The majority of IT professionals within large and mid-size corporations worry about the security of big data and cloud projects
Cupertino, CA – May 21, 2013 – Voltage Security®, the world leader in data-centric security, today announced results of a recent industry survey in which 76% of senior-level IT and security respondents said the inability to secure data across big data initiatives gave them cause for concern. The study further showed that more than half (56%) admitted that these security concerns have kept them from starting or finishing cloud or big data projects.
With over half of respondents in the survey working for large enterprise organizations employing more than 5,000 people, representing financial services, retail, health care, and insurance industries, the results indicate the serious implications this has on a business’ bottom line.
“This is a huge roadblock for organizations that are ready to reap the benefits of big data — the majority of large and mid-size organizations are finding that an inability to protect sensitive data within a big data environment is a major concern, so while they may be starting projects, they are abandoning them. That’s not good for business,” said Dave Anderson, Senior Director, Marketing at Voltage Security.
Voltage advocates a data-centric approach to security, to encrypt and protect both structured and unstructured data at the source.
“Consider the reality of today’s data lifecycle – data travels among users, across states and countries, across different IT systems and end-user devices. On top of this are the rules and regulations governing how data is used, stored or moved, whether in data centers, the cloud, or mobile devices. It’s a complex issue, but can be addressed by deploying data-centric security to ensure that data remains not only protected but private, anywhere it moves, lives, and however it is used,” explained Anderson.

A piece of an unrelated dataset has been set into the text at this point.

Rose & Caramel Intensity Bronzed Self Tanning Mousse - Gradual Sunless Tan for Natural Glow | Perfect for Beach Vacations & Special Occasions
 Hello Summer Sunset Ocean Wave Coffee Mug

“Both large and mid-size organizations worldwide are working to develop and deploy big data analytical facilities alongside their established business intelligence structure. These initiatives are motivated by the conviction that new business insights and opportunities are buried in the avalanche of new data, by the knowledge that conventional business intelligence systems are unequal to the task, and by the fear that competitors will be first to master and exploit the available new data streams. We believe that with the right data-centric approach companies can unlock the value of big data and use the information to their competitive advantage, changing the negative view of 56% of companies that they discontinue or not even begin big data and cloud projects because of the security implications.”